Any constructive comments/error corrections are welcome.
You state that "Note: Empty parentheses are not equivalent to void arguments
in C, and should be avoided in function declarations and definitions, other
than main()."
I agree that they should be avoided, but I currently think that in a
function definition, they are "equivalent". (Which does not necessarily
mean that they have exactly the same effects on other code.)

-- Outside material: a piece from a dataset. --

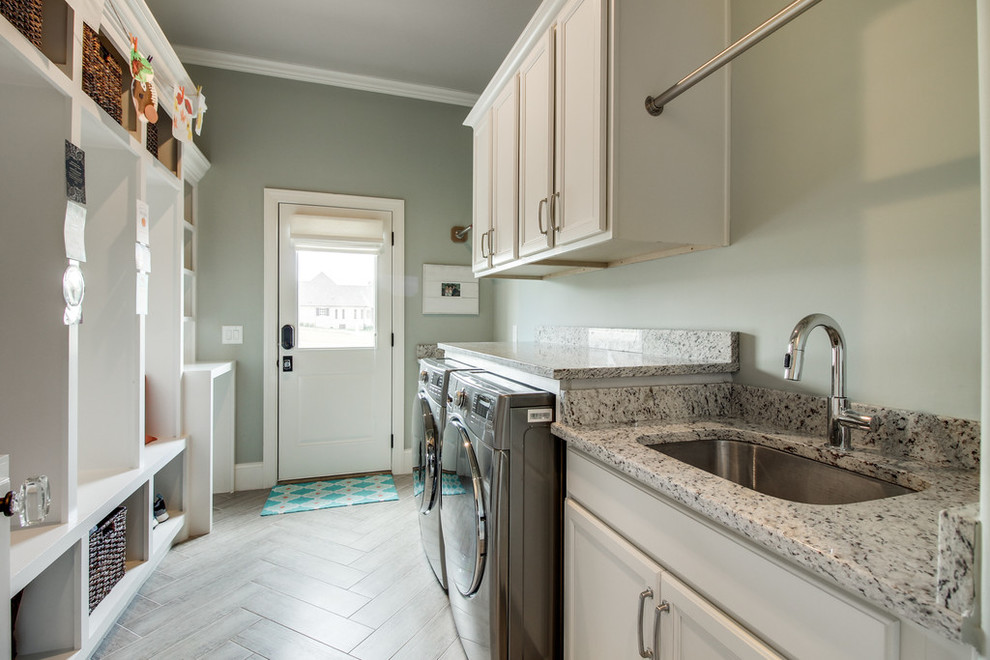 Inspiration for a transitional laundry room remodel in Nashville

You are incorrect to state that there are no implicit type conversions
for variadic functions. More precise would be to state that the implicit
type conversions are the default promotions (integer types smaller than int
to int, floating point types to double) rather than promotions specific to
the function. In the presence of a prototype, the arguments for which the
variadic function has corresponding declarations in its prototype get the
normal conversions, and it is only the arguments AFTER that which get
the default promotions.
I don't think it's poor coding practice to rely on the fact that '9' - '0' is
exactly 9; it's in the spec, and I think people have pretty much committed
to it.
Your example for the <ctype.h> functions is incorrect. You are passing
plain char to them, but they take unsigned char values. On a machine
with signed char, a character that happens to have a negative representation
will come out wrong. Also, getchar() returns an int, and you should probably
use an int variable to hold its result -- this solves the problem, as getchar
returns things in the range for unsigned char (or EOF, which is negative,
on error).
I'm not sold on the wchar_t material; I think multibyte characters are also
basically supported, but really, neither is completely portable -- at least,
not enough that you can reasonably assume that you can create a program
whose source will work on an arbitrary system and print Greek letters. (Maybe
I'm too pessimistic here.)
The string literal form explicitly supports multibyte characters -- although
that obviously depends on your target environment. But then, so does passing
arbitrary strings in as wchar_t, I suspect.